My point is that I'm not able to reproduce this in the first place.
It's easy. Just run gnome-system-monitor on a multi-core machine. Observe that %CPU values in the Processes table are truncated to multiples of the number of CPUs (actually the number of unique CPU threads). So on a typical laptop, that means you will only see %CPU as multiples of 2 or 4, despite the fact it should be possible to report precision to well below 1% CPU. The above patch makes %CPU accurate to the nearest 1% CPU, instead of N% CPU.
I don't see that on a 2 and 4 core computers. Your patch only improves a little bit the precision by doing the same ops in 1 step instead of 2. I'd still like to know what distribution you are running.
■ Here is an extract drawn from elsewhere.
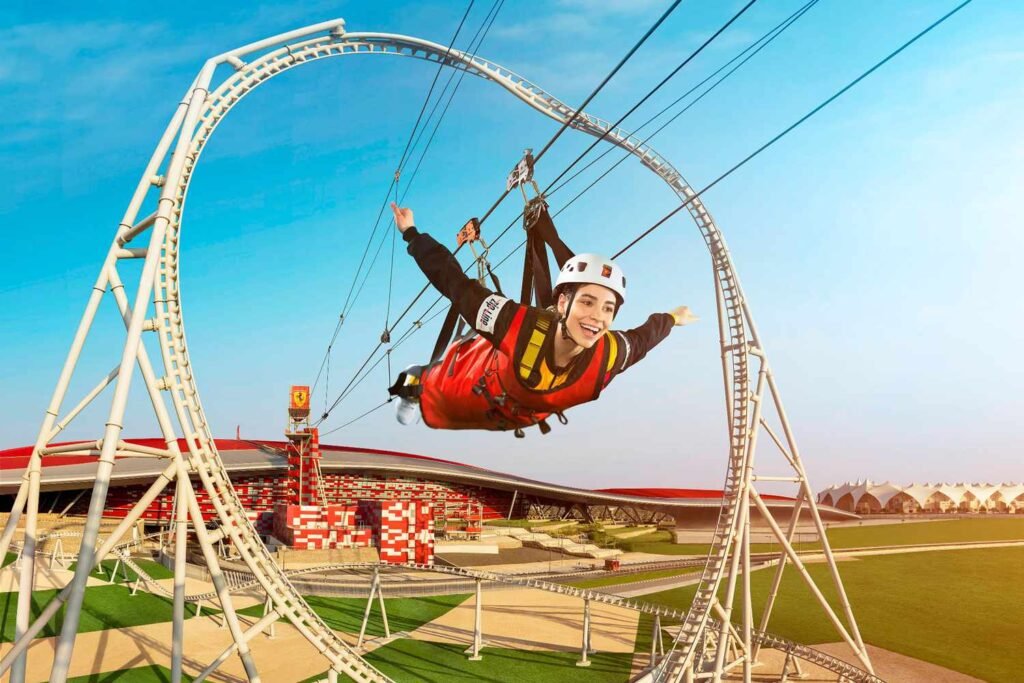 A person in a red jumpsuit and helmet joyfully zip-lining through a large loop against a clear blue sky.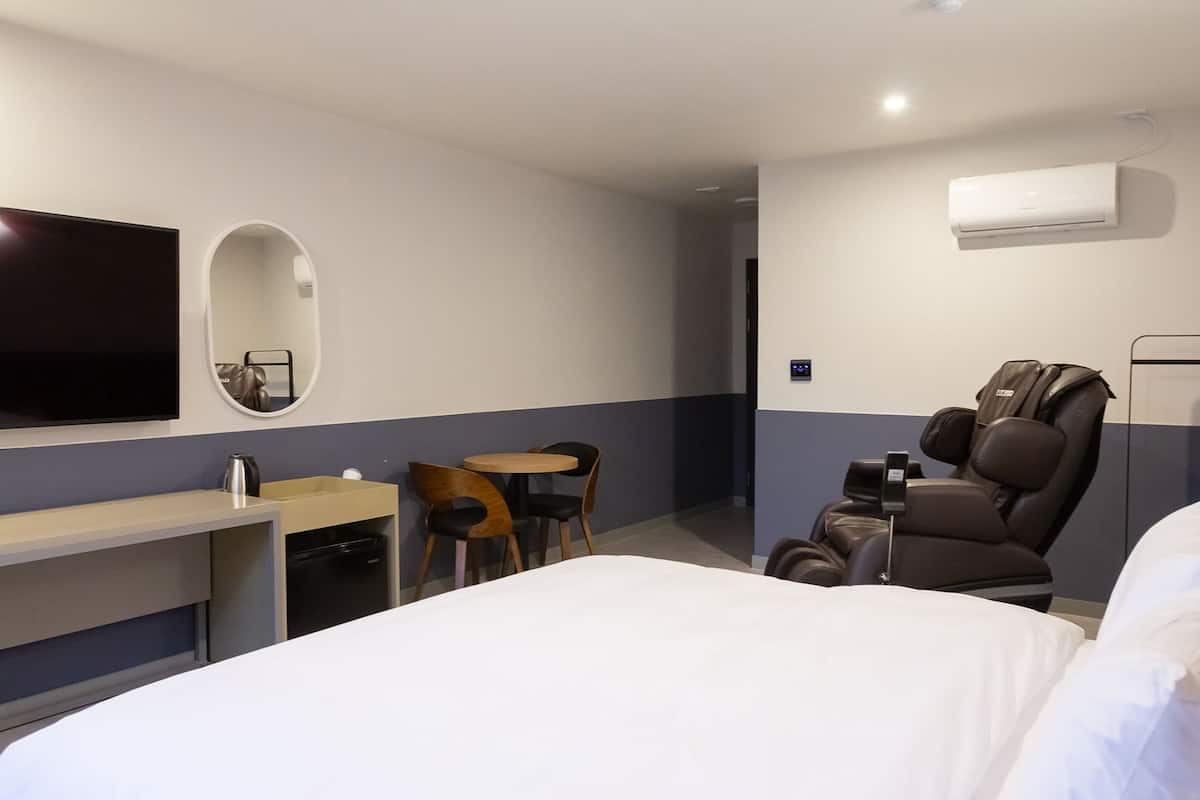 Ein Hotelzimmer mit Bett, Schreibtisch, Sessel, Massagesessel, Fernseher und Klimaanlage.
I'm running Ubuntu 17.10. This is a basic programming problem. The problem is that presently we have: (int)(A * 100 / B) * num_cpus The first part "(int)(A * 100 / B)" is an integer, so multiplying by num_cpus after that guarantees your result is always a multiple of num_cpus. That's not accurate to 1% unless num_cpus==1. The correct way to write it is: (int)(A * 100 * num_cpus / B) so that less information is lost. Example: A = 57 B = 1000 num_cpus = 4 then the old code would show: 20 the new code I propose would show: 22 which is more correct because the precise result is 22.8
You're right, sorry for wasting your time, I don't know why I didn't pay more attention. Let me test something and I'll commit that.
Review of attachment 362399 [details] [review]: Commit 9224515cd6b19ba2dc59afe14684749b4dbf0349
This problem has been fixed in our software repository. The fix will go into the next software release. Once that release is available, you may want to check for a software upgrade provided by your Linux distribution.